But "logos" doesn't only mean word, it also means reason. We use logos in plenty of English words today. We use it in logic. Bio-logy. Geo-logy. Theo-logy. They don't just mean life-words, rock-words, and God-words. They are the study of life, the study of rocks, the study of God. Logos is word and reason, and yet the typical translation of John 1:1 uses Word for logos. But what if we use Reason?
"In the beginning was Reason, and Reason was with God, and the Reason was God. ...And Reason became flesh and lived among us, and we have seen his glory, the glory as of a father’s only son, full of grace and truth."It can't be denied that this changes our view of Jesus. It might be true that this translation may not be standard exegetical fare, but it adds more depth to the passage. It also throws the reader out of the mindset of Jesus-as-New-Moses and into something different. Now we are confronted by the notion of Jesus as a student, as a logician, as an expositor. We are presented with the incarnation as the enfleshment of the logic of God.
If Jesus is the incarnation of the logic of God then we learn something about God. God's logic is the logic of self-emptying (see Php 2). God's logic is overcoming through weakness. God's logic is not to change the world through the enforcement of rules, it is to change the world through the encounter with God's person. The gospel is not enacted by force and can't be presented with force. God's logic is to present the gospel without the kind of power that Caesar had, but with the power of the divine encounter, the very character of God.
This is the logic that helps to explain the verses in the middle of this passage.
"The true light, which enlightens everyone, was coming into the world. He was in the world, and the world came into being through him; yet the world did not know him. He came to what was his own, and his own people did not accept him.
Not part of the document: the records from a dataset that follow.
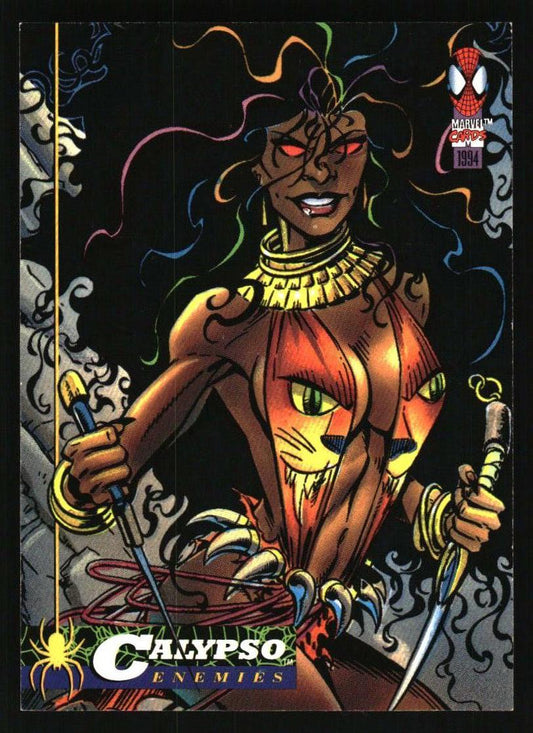 1994 Fleer The Amazing Spider-Man #45 Calypso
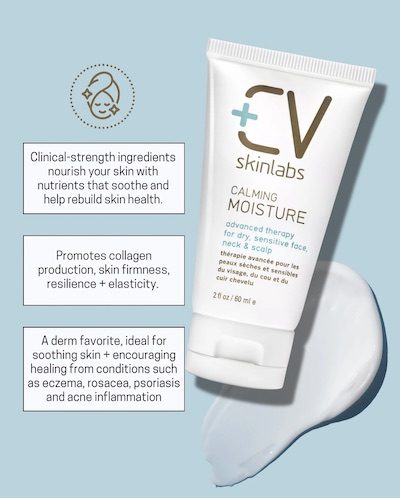 Lily Lolo CV Skinlabs Calming Moisture For Face Neck And Scalp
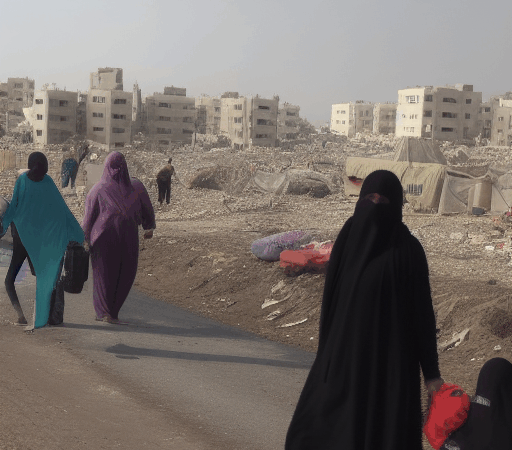 Urgent Need in Gaza: Support Protection And Shelter For Displaced Women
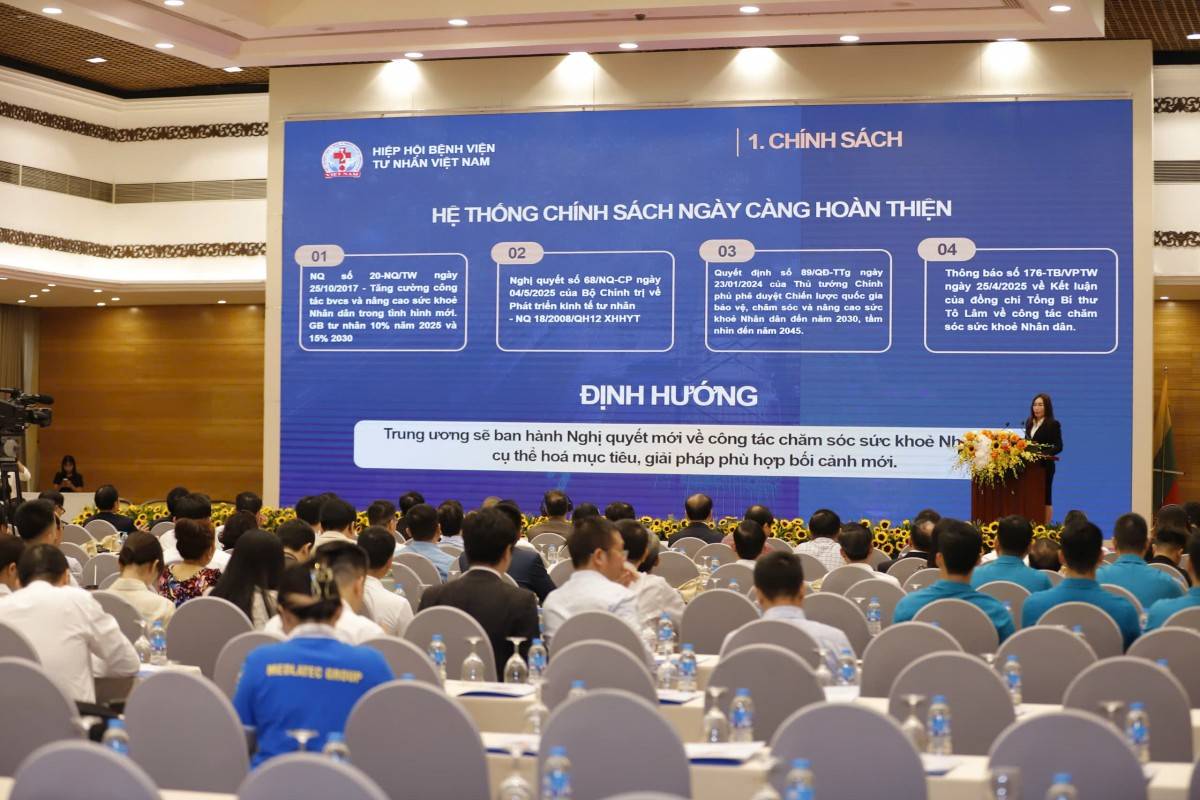 Bài 3: Y tế tư nhân- trụ cột của hệ thống y tế quốc gia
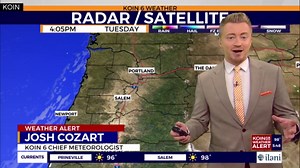 Heat fades, rain chances grow around Portland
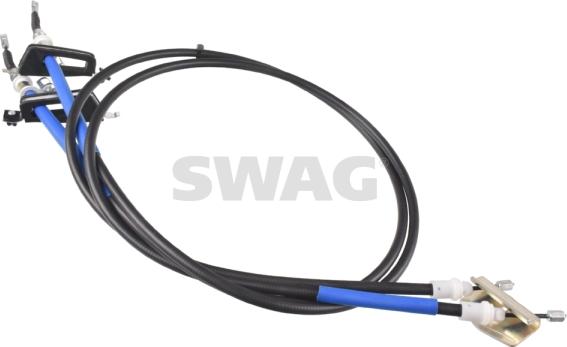 Swag 33 10 0327 - Трос, гальмівна система autocars.com.ua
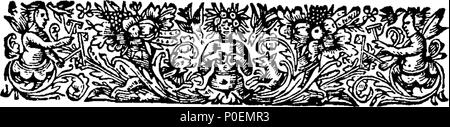. Anglais : Fleuron du livre : une copie conforme de certaines lettres, qui avait entre John Hall d'Monk-Hesleden dans le comté de Durham, un éminent professeur, Quaker et William Walker d East-Thickley dans le même comté, agriculteur, dont la femme avait le malheur d'être seduc'd à Quakerisme. 240 Une copie conforme de certaines lettres originales Fleuron T181478-13 Banque D'Images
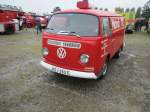 VW T2 am 15.5.15 an der Feuerwehrsternfahrt in Wetzikon.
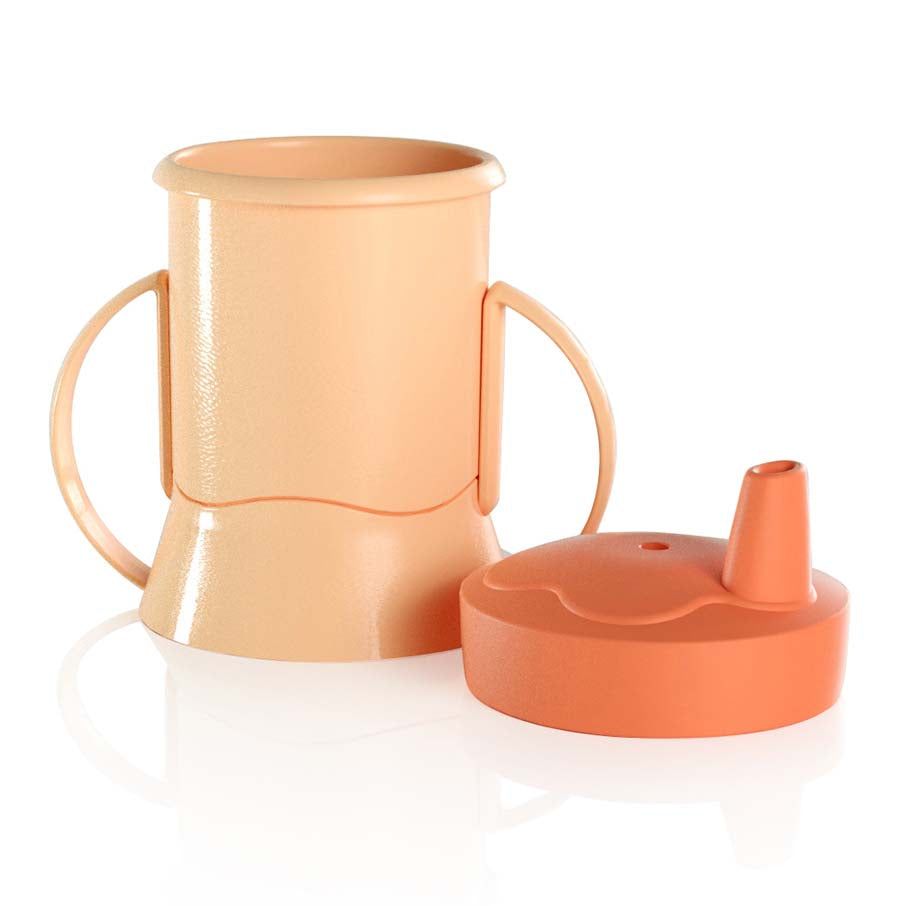 Tupperware Tupperkids Feeding Set Coral / Orange | DTW-642597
But to all who received him, who believed in his name, he gave power to become children of God, who were born, not of blood or of the will of the flesh or of the will of man, but of God."The encounter with God in the person of Jesus the incarnate Reason is the encounter that changes us, not in the same way that the things of this world (the flesh) change people, but in the way of powerlessness and love.
Translating logos as word and reason opens the way to understand the logic of God as more than the capriciousness of a tribal deity. It presents God as a being who has exemplified God's very message for the world, and who calls us to do the same.